Mechanical handheld hermatic sampler for marine sediment and sampling, pressure mataining method thereof

Abstract

Provided is a mechanical handheld hermetic sampler for marine sediment. The sampler comprises sampling assembly and a pressure maintaining assembly. The sampling assembly includes a sampling tube, a handle and an end cap. The sampling tube is fixed at a lower end surface of the end cap while the handle is fixed at an upper end surface of the end cap.
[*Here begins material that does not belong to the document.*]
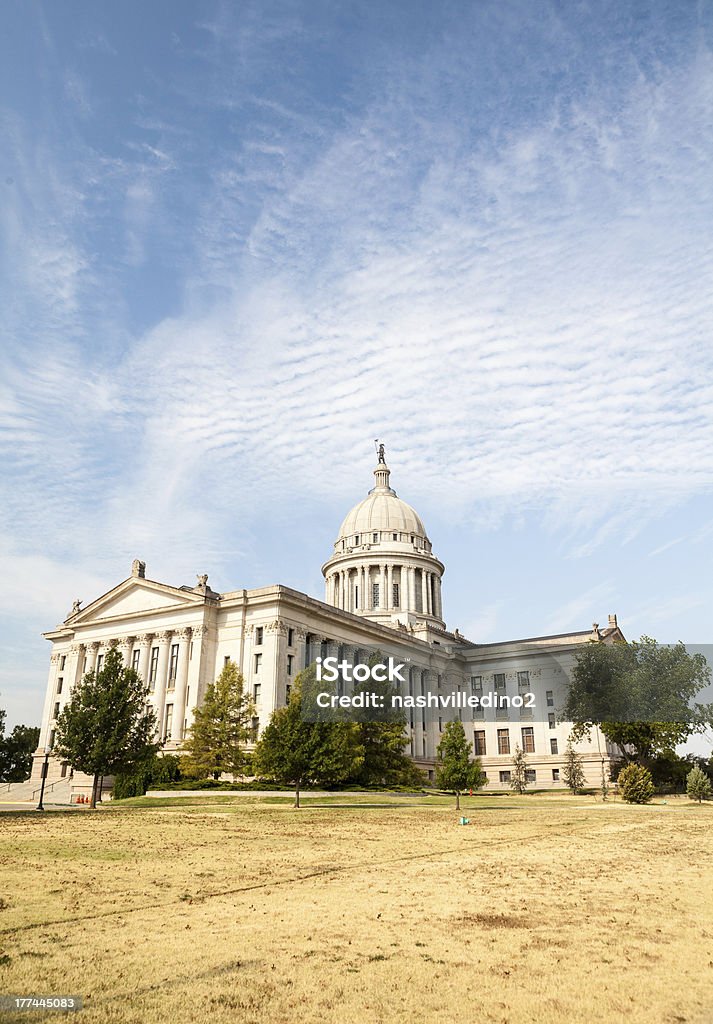 Oklahoma State House i Kapitol Budowa - Zbiór zdjęć royalty-free (Architektura)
The handheld robotic sampler for marine sediment with hermetic sampling is simple and compact in structure, small in size, light in weight, easy to manipulate and manufacture, highly reliable, and particularly suitable for robotic sampler hand control of underwater operating equipment such as a manned submersible, an unmanned submersible and Remotely Operated Vehicle.

Claims

1. A mechanical handheld hermetic sampler for marine sediment, comprising a sampling assembly and a pressure keeper; wherein the sampling assembly comprises a sampling tube, a handle and an end cap; the sampling tube is fixed at a lower end surface of the end cap; the handle is fixed at an upper end surface of the end cap; a plurality of drainage holes are provided at a side wall of a top of the sampling tube; the sampling tube is insertable into the pressure keeper; and the end cap and the pressure keeper are connected in a sealed manner; the pressure keeper comprises a pressure maintaining cylinder, square blocks, a floating sealing ring and a sample discharging valve; a side wall of a top of the pressure maintaining cylinder is provided with a plurality of square block holes; the plurality of square block holes are provided along a radial direction of the pressure maintaining cylinder; and each of the square blocks is respectively provided in each of the square block holes; block casing corresponding to each square block is fixed on an outer wall of the pressure maintaining cylinder; and each square blocks are connected with the block casing through a compression spring, so that the square blocks elastically move in the square block holes along the radial direction of the pressure maintaining cylinder; an upper end of an inner side wall of the pressure maintaining cylinder is provided with a stepped surface, the stepped surface is provided with a plurality of blinded spring holes; axis of each of the spring holes are parallel to an axis of the pressure maintaining cylinder; floating support springs are provided in the spring holes; the floating sealing ring is supported on the floating support springs; a radial sealing gasket is provided between the floating sealing ring and an inner wall of the pressure maintaining cylinder; the square blocks are provided above the floating sealing ring; the end cap is fastened between the square blocks and the floating sealing ring; and a bottom of an inner chamber of the pressure maintaining cylinder is connected to the sample discharging valve through a first pressure-resistant tube.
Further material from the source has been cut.